Quando se trata de violência doméstica, por exemplo, normalmente as ocorrências estão atreladas ao uso excessivo de drogas, especialmente o álcool. “Quando há o abuso, os freios morais vão embora. Cada um sabe o efeito que isso causa e um dos caminhos é conscientizar as pessoas”, relata. O diálogo com outras esferas da sociedade, como o poder público, também é importante nesses casos. Conhecendo todos os serviços oferecidos é possível dar um melhor suporte para as vítimas.
“A base de tudo está no diálogo e na proximidade com as pessoas”, afirma. Dito isso, Arlene elogia o senso de comunidade que ainda existe em Jaraguá do Sul e a importância de contar com a ajuda da população para manter a ordem pública. Um exemplo é a Rede de Vizinhos. A ideia de cuidar da casa/vida dos outros a princípio pode soar estranha, mas a coronel ressalta que, longe de serem taxadas de fofoqueiras ou enxeridas, essas pessoas podem contribuir com a segurança caso o vizinho viaje ou haja barulho e movimentação suspeita em sua residência. Parece bobo, mas é uma atitude muito efetiva e que contribui para Jaraguá do Sul manter esse título de segura há tanto tempo.
Nos próximos cinco anos que lhe restam na corporação antes da aposentadoria, Arlene tem muitos planos e deve usar a estrutura da regional de Polícia Militar como um espaço para o atendimento psicológico para PMs e seus familiares, afinal não é fácil dedicar a vida a essa profissão, assim como oferecer um local de acolhimento para mulheres vítimas de violência e a promoção de palestras preventivas que garantam a segurança no município. “Temos planos de fazer uma parceria com estudantes de psicologia da Unisociesc no intuito de fornecer esse amparo e fortalecer os laços de proximidade com a comunidade” destaca.

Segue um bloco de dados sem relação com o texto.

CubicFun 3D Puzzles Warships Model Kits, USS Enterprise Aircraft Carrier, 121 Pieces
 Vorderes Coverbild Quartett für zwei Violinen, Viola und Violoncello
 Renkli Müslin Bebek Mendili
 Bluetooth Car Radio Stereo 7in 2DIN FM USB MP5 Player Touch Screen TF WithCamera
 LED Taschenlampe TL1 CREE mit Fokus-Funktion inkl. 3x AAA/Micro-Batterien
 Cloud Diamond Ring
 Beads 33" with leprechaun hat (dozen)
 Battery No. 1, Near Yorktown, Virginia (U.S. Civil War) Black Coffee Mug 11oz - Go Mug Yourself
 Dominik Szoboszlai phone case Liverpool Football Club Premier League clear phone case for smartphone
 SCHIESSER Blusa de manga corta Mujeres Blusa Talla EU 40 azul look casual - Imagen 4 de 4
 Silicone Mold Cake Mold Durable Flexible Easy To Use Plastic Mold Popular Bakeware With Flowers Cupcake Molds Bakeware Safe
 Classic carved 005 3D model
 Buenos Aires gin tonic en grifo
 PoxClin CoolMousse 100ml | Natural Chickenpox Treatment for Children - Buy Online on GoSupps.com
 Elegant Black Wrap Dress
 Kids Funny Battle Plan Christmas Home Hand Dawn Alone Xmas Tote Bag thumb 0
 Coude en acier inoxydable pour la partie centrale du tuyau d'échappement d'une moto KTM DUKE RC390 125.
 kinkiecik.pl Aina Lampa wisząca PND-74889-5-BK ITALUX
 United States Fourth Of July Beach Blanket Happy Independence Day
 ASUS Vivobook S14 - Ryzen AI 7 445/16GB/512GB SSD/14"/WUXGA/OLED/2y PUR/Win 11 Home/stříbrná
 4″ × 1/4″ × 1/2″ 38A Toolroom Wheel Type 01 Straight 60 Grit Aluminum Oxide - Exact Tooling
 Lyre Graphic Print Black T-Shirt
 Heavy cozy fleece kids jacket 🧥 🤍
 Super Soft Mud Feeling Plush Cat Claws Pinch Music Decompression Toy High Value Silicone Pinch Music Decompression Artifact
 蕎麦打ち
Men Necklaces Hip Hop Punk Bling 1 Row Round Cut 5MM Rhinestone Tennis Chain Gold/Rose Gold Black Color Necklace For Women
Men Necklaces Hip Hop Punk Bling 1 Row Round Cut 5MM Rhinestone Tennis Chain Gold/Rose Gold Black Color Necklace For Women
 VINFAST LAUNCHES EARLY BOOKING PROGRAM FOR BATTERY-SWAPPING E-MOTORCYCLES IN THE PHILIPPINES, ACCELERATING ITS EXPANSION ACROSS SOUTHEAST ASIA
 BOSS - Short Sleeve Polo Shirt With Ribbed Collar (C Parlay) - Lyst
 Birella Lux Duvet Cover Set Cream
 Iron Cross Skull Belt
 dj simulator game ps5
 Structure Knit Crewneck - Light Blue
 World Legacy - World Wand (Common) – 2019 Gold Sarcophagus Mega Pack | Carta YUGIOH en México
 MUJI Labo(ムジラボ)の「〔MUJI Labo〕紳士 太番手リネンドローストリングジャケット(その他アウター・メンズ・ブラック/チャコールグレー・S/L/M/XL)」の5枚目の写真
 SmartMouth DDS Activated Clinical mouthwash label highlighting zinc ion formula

Já como projeto pessoal para quando deixar a polícia, ela, que atualmente cursa letras, sonha transformar um livro em uma peça teatral para trabalhar com crianças, deixando ainda mais forte e clara a veia comunitária que a fez se destacar em um cenário tão masculino e onde, até então, somente uma mulher havia chegado ao cargo de maior prestígio da Polícia Militar de Santa Catarina.